Теперь мисс Лэнгтон не получала удовольствия от пребывания в этой тихой гавани, где раньше с наслаждением скрывалась часами. Старый собор, видавший вид и посеревший, но все равно красивый, больше не дарил привычного ощущения покоя и свободы. Она полюбила долгие прогулки по сельской местности, но луга, усеянные весенними бабочками, и леса, разукрашенные осенней охрой, лишь усиливали беспокойство. И охотнее всего она отправлялась на холм, с которого на небольшом отдалении открывался вид на сверкающее море, и на мгновение его величие успокаивало ее метущуюся душу. Иногда на закате над сланцевой серостью приплывших с запада облаков несметным множеством рассыпались красно-золотые искры и мерцали над тихой водой, словно шлейф богини огня, а потом, подобно Титану, сокрушившему темницу, через пелену пробивалось солнце и заливало все вокруг ярким светом, повиснув в вышине гигантским медным диском.

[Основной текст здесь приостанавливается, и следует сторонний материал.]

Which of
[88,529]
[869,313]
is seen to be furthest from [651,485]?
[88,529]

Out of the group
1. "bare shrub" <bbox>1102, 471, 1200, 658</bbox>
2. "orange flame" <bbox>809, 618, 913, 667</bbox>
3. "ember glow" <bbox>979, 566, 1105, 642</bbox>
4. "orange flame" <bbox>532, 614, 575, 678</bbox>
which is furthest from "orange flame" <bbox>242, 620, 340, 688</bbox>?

Казалось, оно с усилием гнало прочь сгустившуюся тьму, наполняя небо ослепительным блеском. Затем над безмятежным морем растягивалась широкая дорога, полыхавшая неземным огнем, по которой могли бесконечно бродить загадочные и страстные души людей в поисках источника вечного света. Белла Лэнгтон отворачивалась со слезами и медленно отправлялась туда, откуда пришла. В долине перед ней серые дома Теркенбери теснились вокруг высокого старинного собора, но его красота лишь заставляла ее сердце сильнее сжиматься от боли.